A man has been acquitted of threatening to kill the South Australian Premier over the State Government’s TAFE reforms in 2018.

Key points:

  • Kenneth Andrew Gillespie is accused of making threats against the Premier and his family
  • He has pleaded not guilty to the charge laid against him
  • Giving evidence in his own defence, he admitted to the court he has a tendency of “running off at the mouth”

Kenneth Andrew Gillespie, 65, faced a two-day trial in Adelaide’s District Court after pleading not guilty to threatening a public officer.

On Thursday the jury took two hours to find Mr Gillespie not guilty of the charge.

During the trial, prosecutors alleged Mr Gillespie rang the electoral office of Steven Marshall on September 6, 2018, a few days after it was announced several TAFE campuses would close.

He allegedly threatened to kill the Premier and his children if he continued with those plans.

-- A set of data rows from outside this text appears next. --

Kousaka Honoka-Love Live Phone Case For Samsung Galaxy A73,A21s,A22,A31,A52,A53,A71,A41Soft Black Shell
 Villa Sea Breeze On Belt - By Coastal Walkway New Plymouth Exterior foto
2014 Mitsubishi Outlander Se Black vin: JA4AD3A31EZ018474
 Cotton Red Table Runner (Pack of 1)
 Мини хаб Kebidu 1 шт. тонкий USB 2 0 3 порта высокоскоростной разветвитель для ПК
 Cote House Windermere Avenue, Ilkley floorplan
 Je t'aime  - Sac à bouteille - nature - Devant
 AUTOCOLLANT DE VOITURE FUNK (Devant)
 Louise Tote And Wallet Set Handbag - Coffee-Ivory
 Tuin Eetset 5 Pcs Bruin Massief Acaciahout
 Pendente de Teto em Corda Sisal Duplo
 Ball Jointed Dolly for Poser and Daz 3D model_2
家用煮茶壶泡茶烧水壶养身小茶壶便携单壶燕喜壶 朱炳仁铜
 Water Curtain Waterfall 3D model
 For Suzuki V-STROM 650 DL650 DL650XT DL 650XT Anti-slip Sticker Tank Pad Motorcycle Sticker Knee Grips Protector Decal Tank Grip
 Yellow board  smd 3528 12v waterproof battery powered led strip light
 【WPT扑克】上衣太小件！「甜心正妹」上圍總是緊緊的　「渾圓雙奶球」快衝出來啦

Earlier, the accused had given evidence in his own defence, saying he had called political offices “hundreds and hundreds” of times in the three years leading up to September 2018.

He said he started looking into his power bill “a bit deeper” and started by calling Energy Australia before phoning the regulator 15 times.

The painter and decorator told jurors that he developed a keen interest in politics after being forced to go “on the dole” and having difficult encounters associated with it.

He admitted making the two phone calls to Mr Marshall’s office, but said he did not make a threat to kill.

Mr Gillespie told the jury — of six women and six men — that he angrily spoke to a staffer at Mr Marshall’s Dunstan office about the TAFE cuts and privatisation of the Adelaide Remand Centre.

“It wasn’t a long conversation but I said, ‘now these correctional services, they don’t work when privatised. They haven’t worked anywhere in the f***ing world — rehabilitation goes out the window and reoffending goes through the roof’,” he said.

He said that if changes weren’t made, the Premier and his children would “be in peril and ostracised” by the community.

Sam Diprose (right) told the jury the phone call he took from Mr Gillespie had stayed with him for a long time.(ABC News: Claire Campbell)

Chris Weir, for Mr Gillespie, asked his client if he was “angry” and would describe his demeanour as being “verbally abusive”.

Mr Gillespie admitted that he was.

But when asked if he threaten to kill the Premier, he said “never”.

Under cross-examination, prosecutor Karen Ingleton asked Mr Gillespie if he was prone to making statements without thinking or “running off at the mouth”.

But when she made the suggestion that he did make those threats to kill, he said that was “completely and utterly wrong … and I’m offended by it”.

Mr Gillespie told jurors that he “wanted to make an impact” during the conversation with staffer Sam Diprose but said he ever made a threat to kill.